Quadros em que há uma disabsorção de lipídios secundária a má absorção ou má digestão.

  • Exemplos: Insuficiência exócrina do pâncreas, isquemia mesentérica.

Funcional

A hipermotilidade intestinal está associada a outros mecanismos de diarreia, mas como uma causa primária não é comum e é um diagnóstico de exclusão.

As diarreias agudas estão mais associadas a gastroenterites virais, como o rotavírus, bacterianas, como E. coli, Shigella, Campylobacter, Cólera, ou parasitarias, helmintos e protozoários.

Já as diarreia crônicas, estão mais associadas a parasitoses não tratadas, doença inflamatória intestinal e intolerâncias alimentares à lactose ou glúten, por exemplo.

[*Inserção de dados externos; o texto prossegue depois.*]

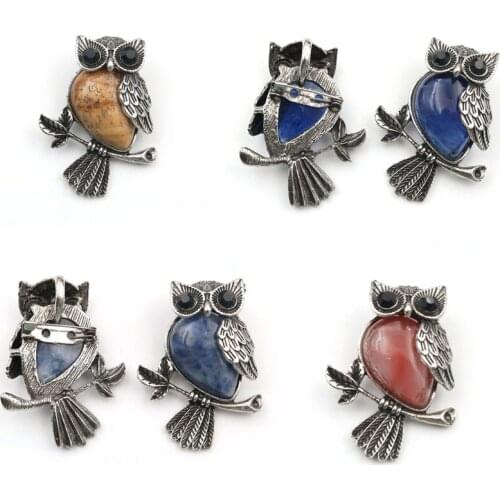 YJXP Owl Pattern Brooches Natural Crystal Quartzs Teardrop Shaped Stone Pendant Animal Birds Antique Silver Brooch Badge Jewelry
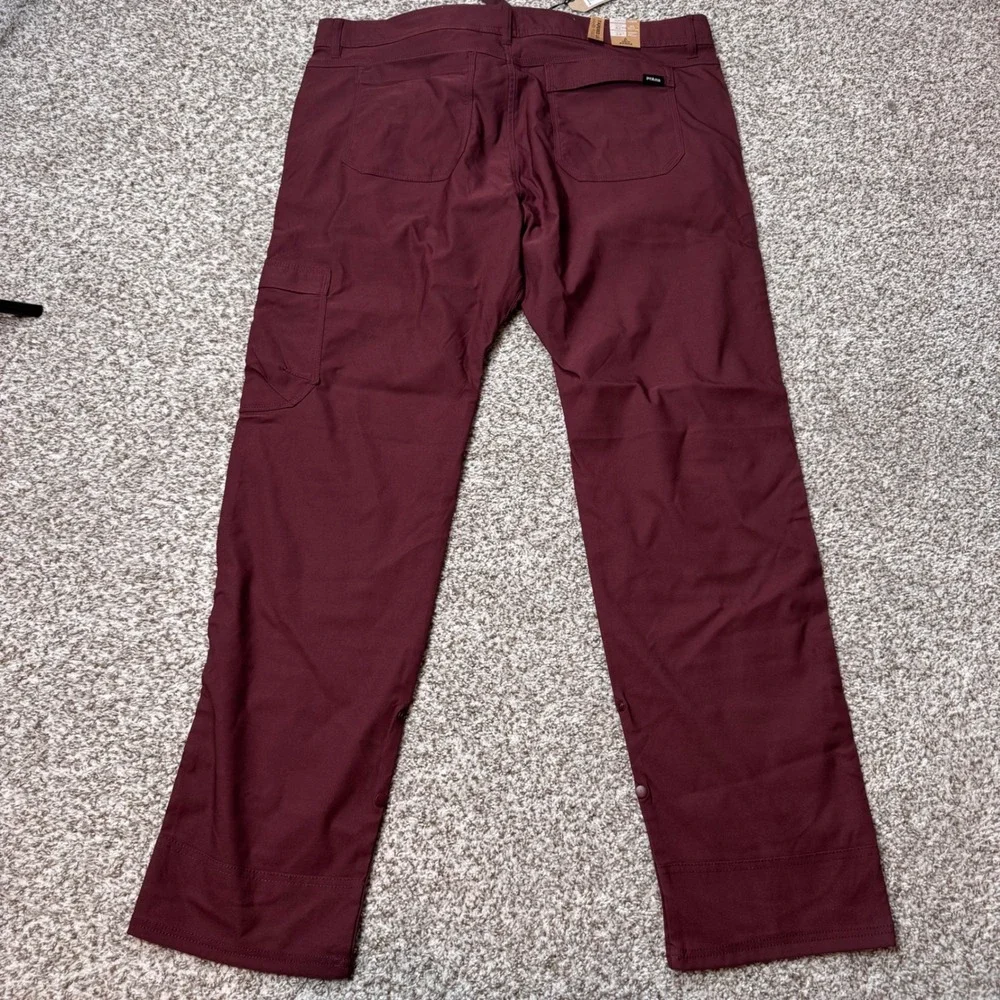 PrAna 42x34 Stretch Zion Slim Fit Tapered Leg Cargo Pants Cacao Red Performance‎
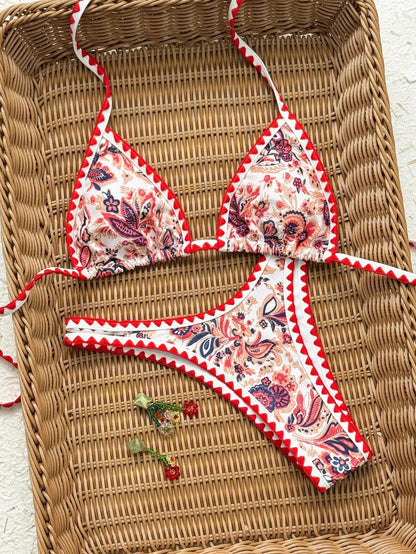 Women's 2-Piece Boho Halter Bikini Set - Tie Back, High Cut, Plant Print, Blue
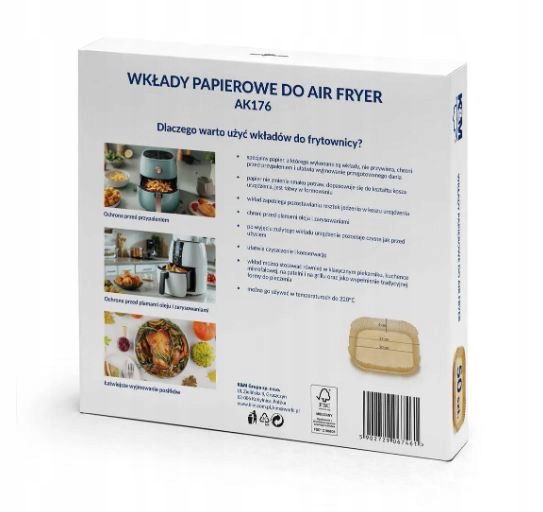 Wkład do frytkownicy beztłuszczowej kwadratowy AK176 K&M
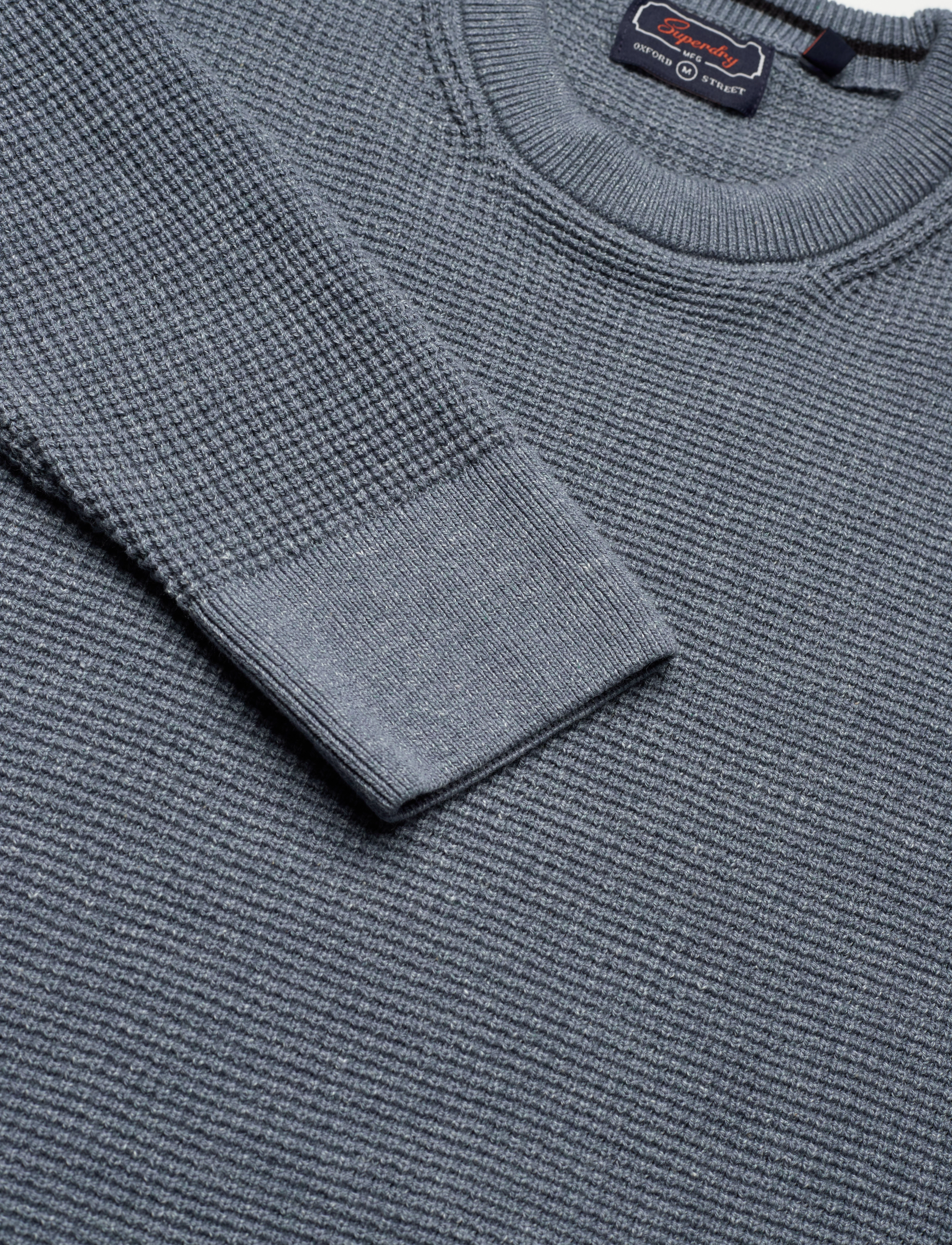 Superdry - TEXTURED CREW KNIT JUMPER - tidal blue heather - 4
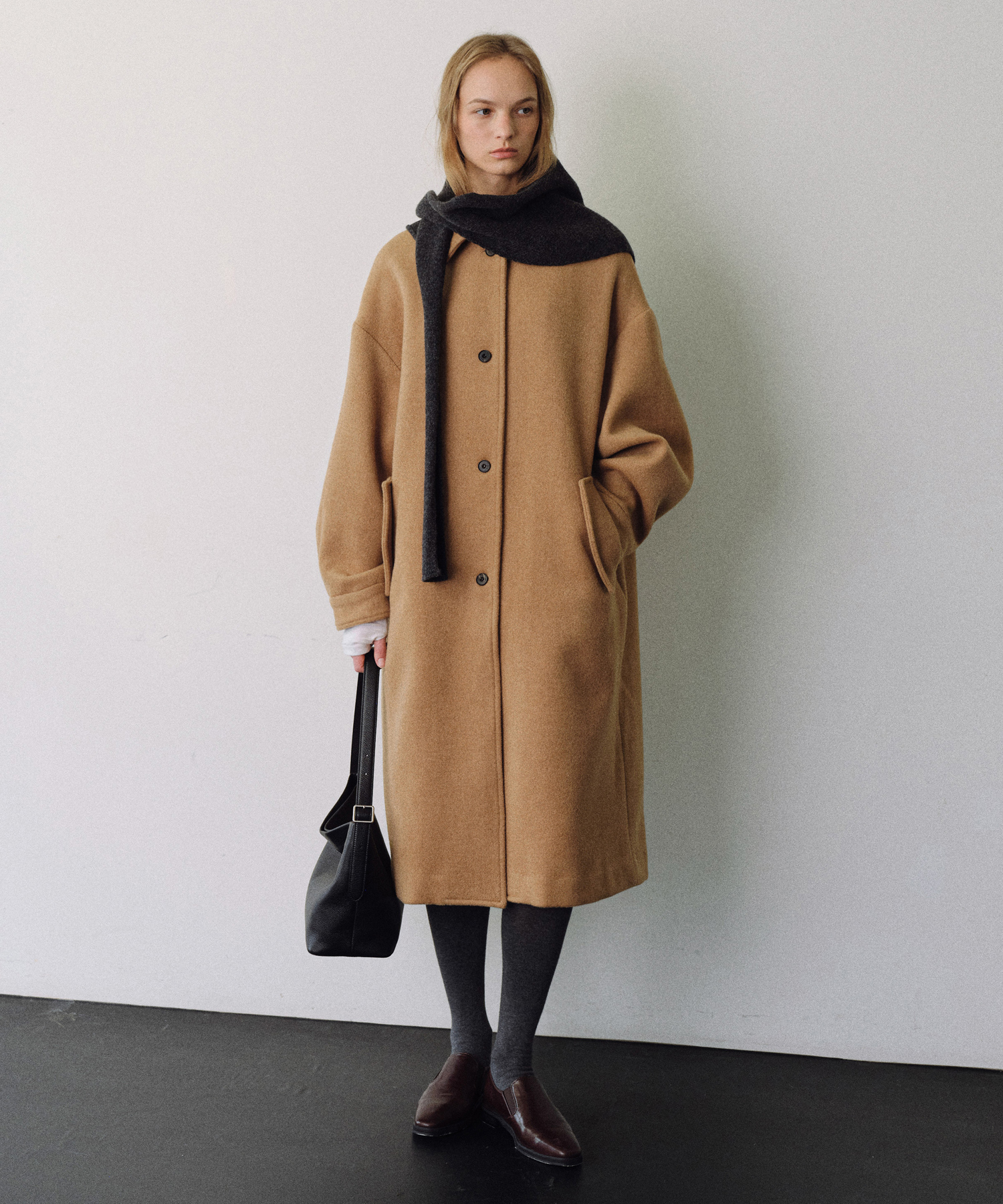 ジャケット・アウター CAEL handmade wool buckle short coat CAEL handmade wool buckle short coat_black | ファッション通販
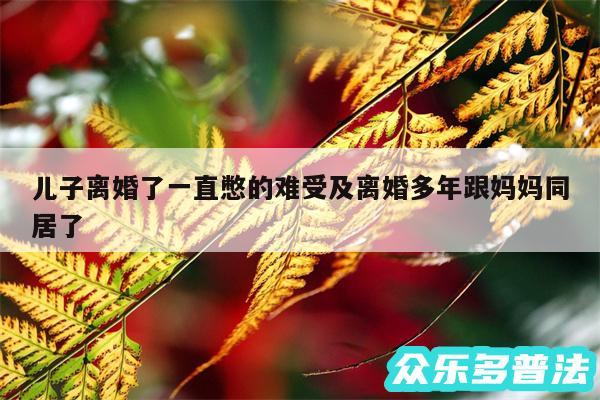 儿子离婚了一直憋的难受及离婚多年跟妈妈同居了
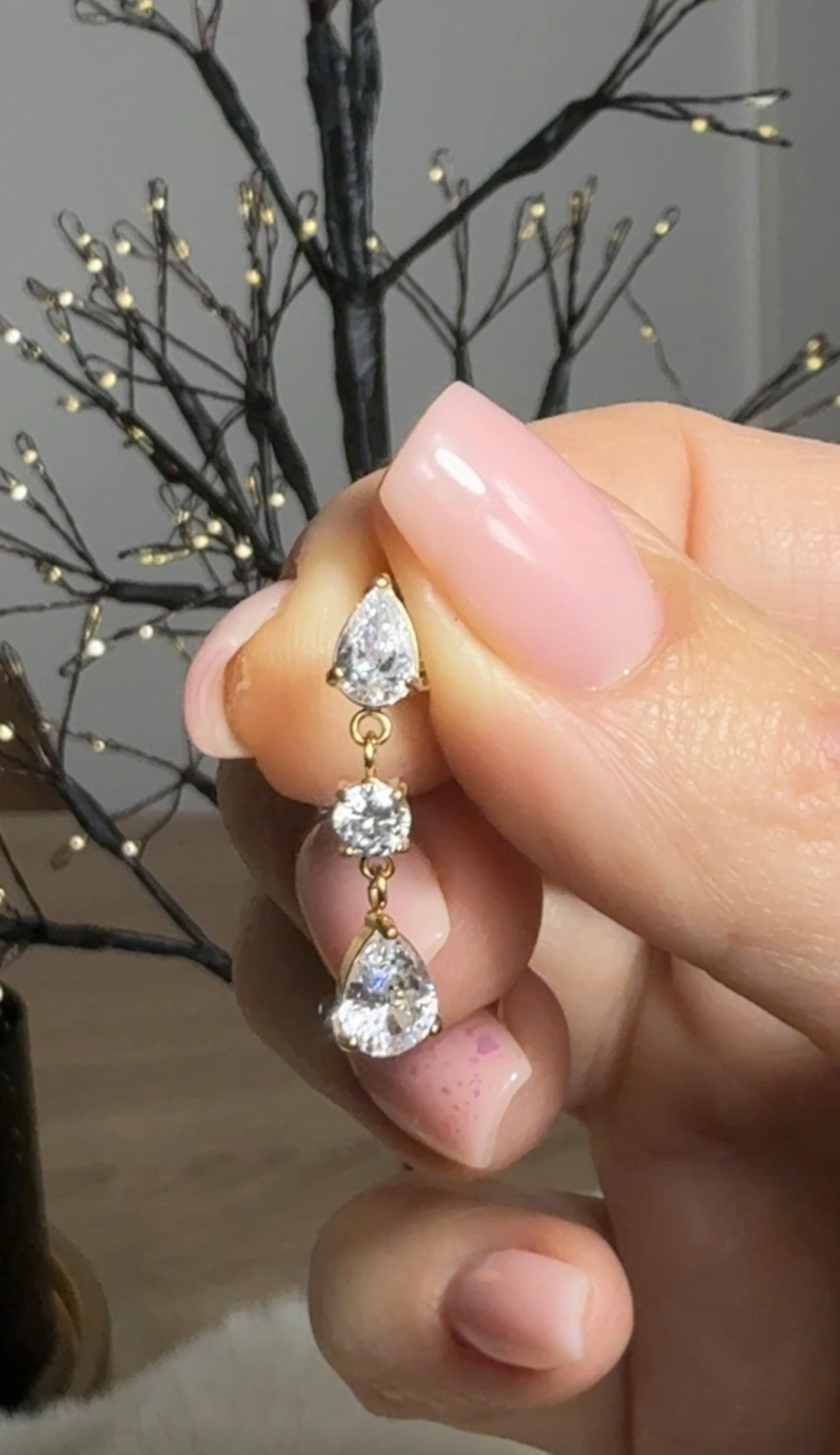 FRANKA - Teardrop Zirconia Drop Earrings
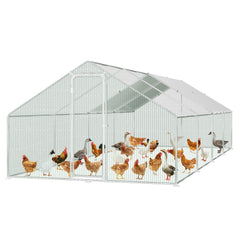 SWANEW Hühnerstall, 3x8x2m, Freilaufgehege, Hühnerhaus, Kleintiergehege, Voliere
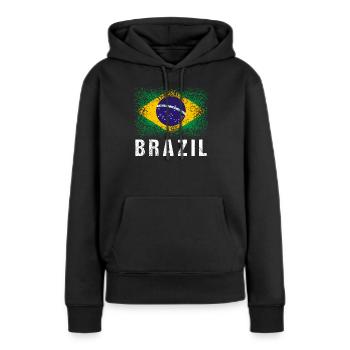 Brasilien - Frauen Premium Bio Hoodie - Schwarz - Vorne - Julia (174cm)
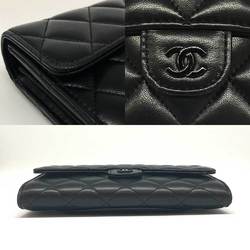 Chanel Long Flap Wallet Lambskin Matelasse Black Bi-fold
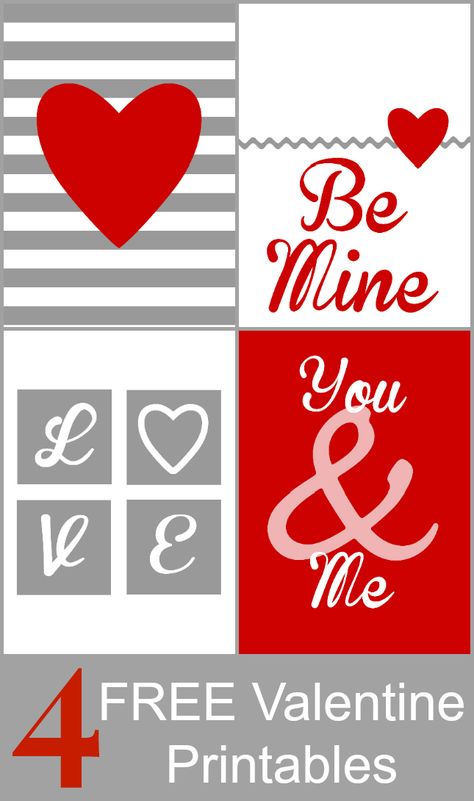 4 coordinating valentine printable art pieces from OurThriftyIdeas | www.ourthriftyideas.com #valentine #printable #free Valentine Template, Vday Cards, Valentine Printables, Happy Hearts Day, Valentine's Day Printables, Printables For Kids, Valentine Activities, Valentines Printables Free, Free Print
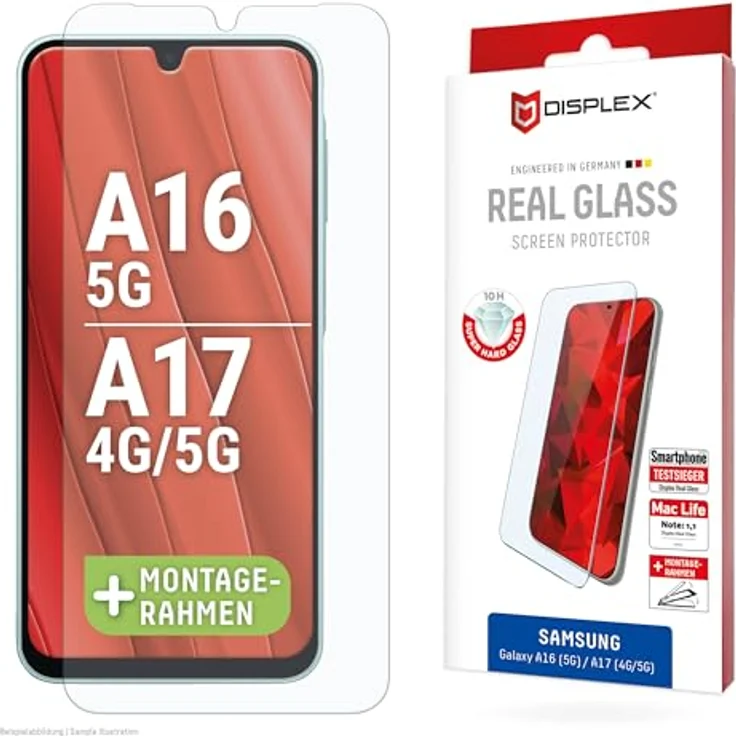 Displex Schutzglas 2D Clear (10H) für Samsung Galaxy A17 (4G/5G)/A16, Tempered Glas, kratzer-resistente Schutzfolie, hüllenfreundlich, Eco-Montagerahmen – Bild 1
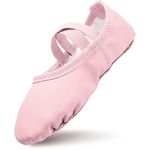 Ballet Shoes Girls Leather Ballet Dance Slippers Full Sole Dance Flats Thickened Cotton Lining Ballerina shoes with cross Elastic Straps for Toddlers kids Pink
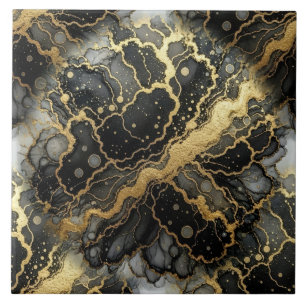 Luxury Black and Gold Marble Alcohol Ink Ceramic Tile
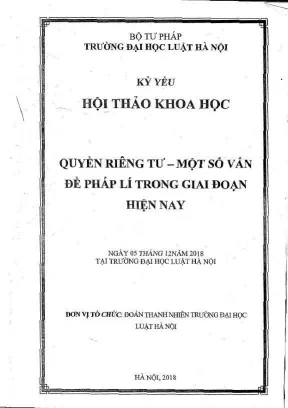 Kỷ yếu hội thảo khoa học: Quyền riêng tư và vấn đề pháp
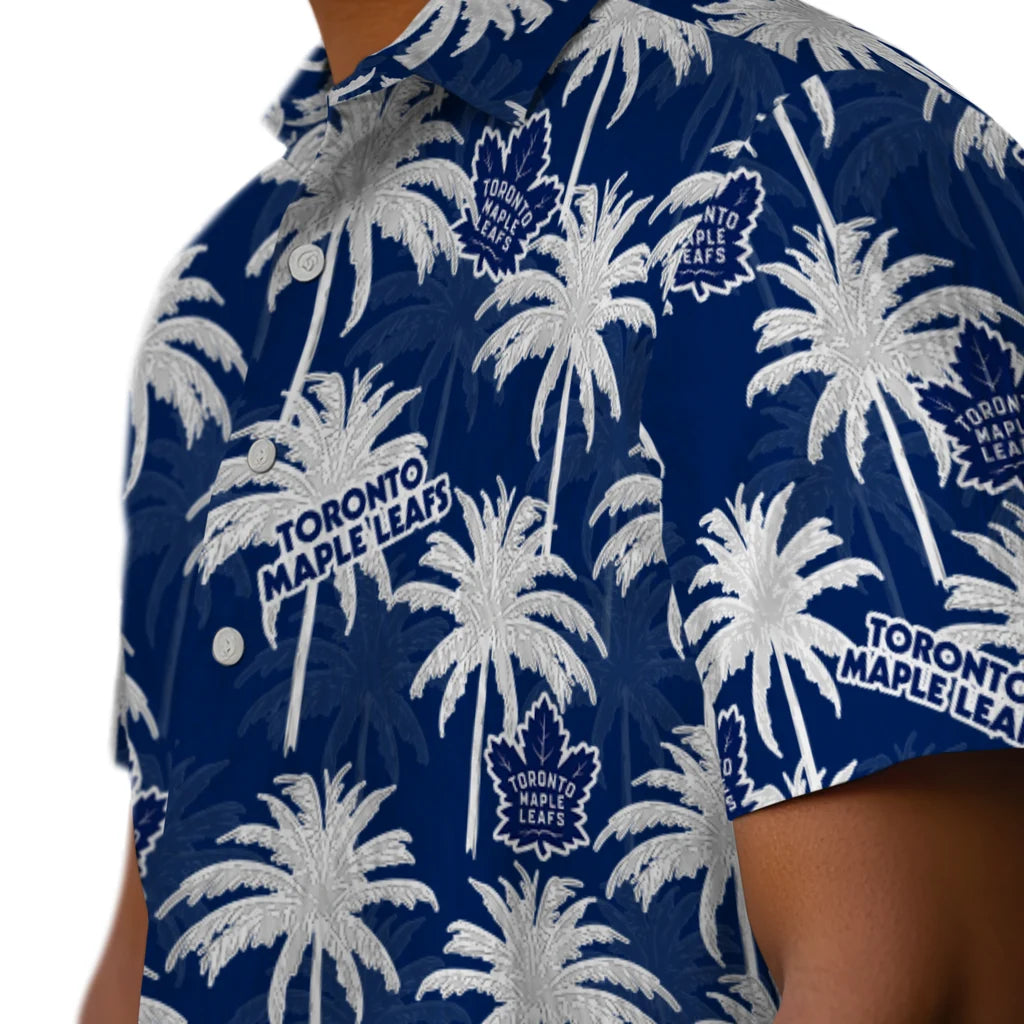 Toronto Maple Leafs Hawaiian Shirt - Palm Tree Motif | Hula Hawaiian Shirts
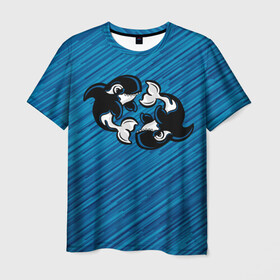 Мужская футболка 3D с принтом Две косатки в Тюмени, 100% полиэфир | прямой крой, круглый вырез горловины, длина до линии бедер | whale | кит | косатка | косатки | на синем | с косатками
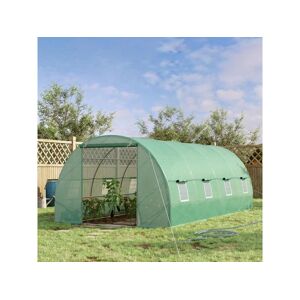 Homcom Serre de jardin tunnel 5,9L x 3l x 2H m châssis tubulaire acier galvanisé renforcé 2,5 cm 8 fenêtres 1 porte vert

OBS: Atenção para os pacientes que estão fazendo uso de antibiótico e desenvolvem quadro diarreico! A microbiota bacteriana normal pode ter sido destruída, permitindo a proliferação do Clostridium Difficile, causando uma colite pseudomembranosa na mucosa intestinal.

Clínica

Na investigação clínica, é preciso atentar para algumas informações que irão guiar o raciocínio clínico:

  • Quanto tempo do início do quadro
  • Quantidade e volume das dejeções
  • Presença de sinais de gravidade ou comorbidades associadas (Insuficiência cardíaca, Doença renal crônica, câncer)
  • Sintomas associados: febre, anorexia, náuseas, vômitos, dor abdominal
  • Característica das fezes: líquida, pastosa, presença ou ausência de alimentos, muco ou sangue
  • Medicamentos em uso
  • Condições socioeconômicas e de saneamento básico

Classificação

De acordo com as características das dejeções e frequência por dia, podemos classificar como alta ou baixa e se possui características inflamatórias:

  • Alta: poucas dejeções ao dia, fezes volumosas, presença de restos alimentares e ausência de muco. Geralmente acompanhada de cólicas abdominais.
  • Baixa: múltiplas dejeções ao dia, pouco volumosas, sem restos alimentares e com presença de muco, pus e pode conter sangue. Geralmente acompanhadas de urgência e tenesmo.
  • Não-inflamatória: fezes aquosas, volumosas, sem sangue muco ou pus, geralmente sem febre.
  • Inflamatória: evacuações frequentes, pequeno volume, com muco ou pus, algumas com sangue. É comum febre, toxemia, dor abdominal intensa, tenesmo e leucocitose associada.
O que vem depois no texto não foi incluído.